MATERIAL PROVIDED
-.-.-
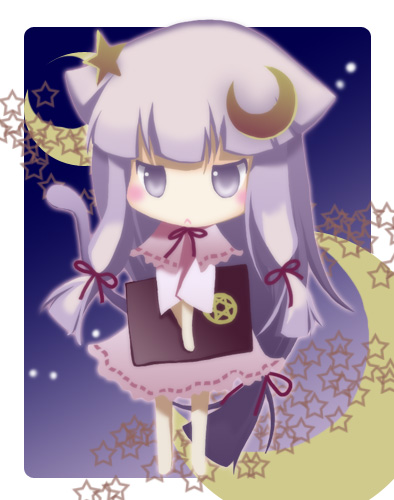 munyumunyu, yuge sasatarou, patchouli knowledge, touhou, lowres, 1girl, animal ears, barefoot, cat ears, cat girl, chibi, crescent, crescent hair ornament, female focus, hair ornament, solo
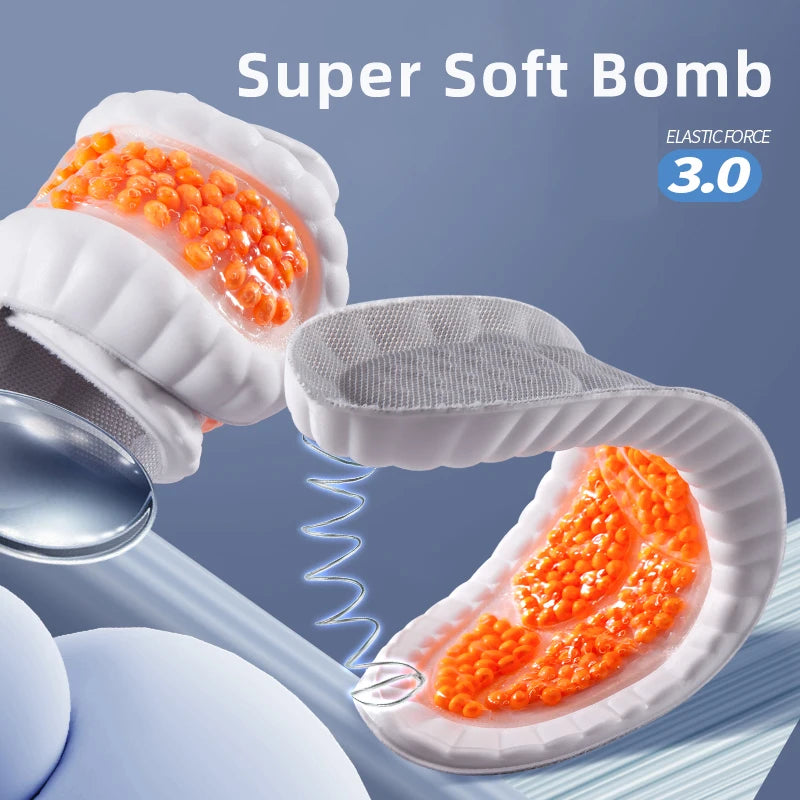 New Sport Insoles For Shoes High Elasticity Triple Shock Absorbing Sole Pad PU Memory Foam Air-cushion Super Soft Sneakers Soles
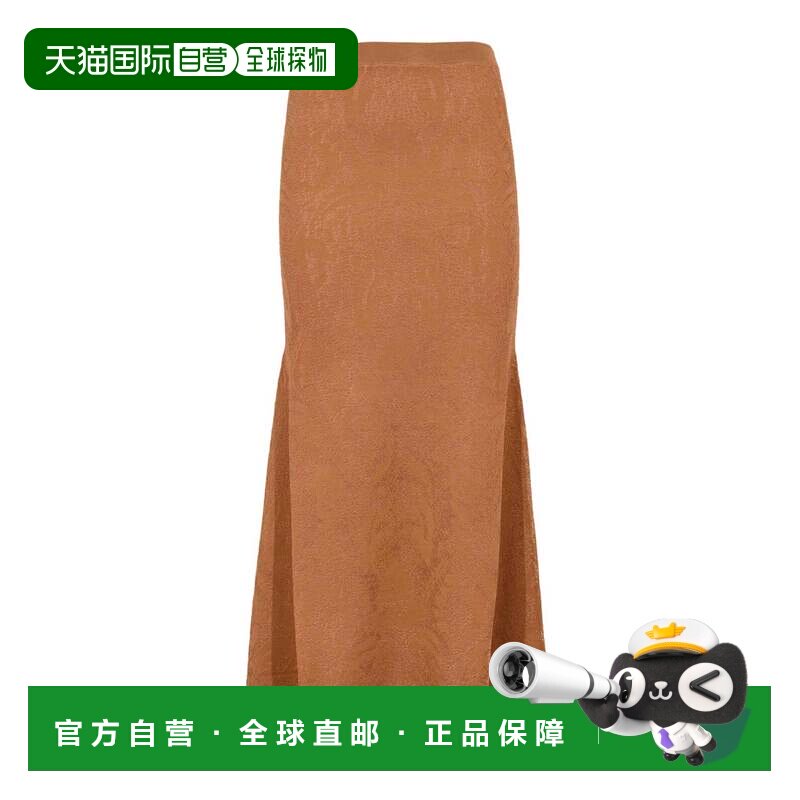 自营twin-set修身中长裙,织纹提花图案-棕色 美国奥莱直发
-.-.-
EXERCISE INSTRUCTIONS
Omit the pictures, then print the rest of the listing above exactly.

EXERCISE RESULT
 munyumunyu, yuge sasatarou, patchouli knowledge, touhou, lowres, 1girl, animal ears, barefoot, cat ears, cat girl, chibi, crescent, crescent hair ornament, female focus, hair ornament, solo
 New Sport Insoles For Shoes High Elasticity Triple Shock Absorbing Sole Pad PU Memory Foam Air-cushion Super Soft Sneakers Soles
 自营twin-set修身中长裙,织纹提花图案-棕色 美国奥莱直发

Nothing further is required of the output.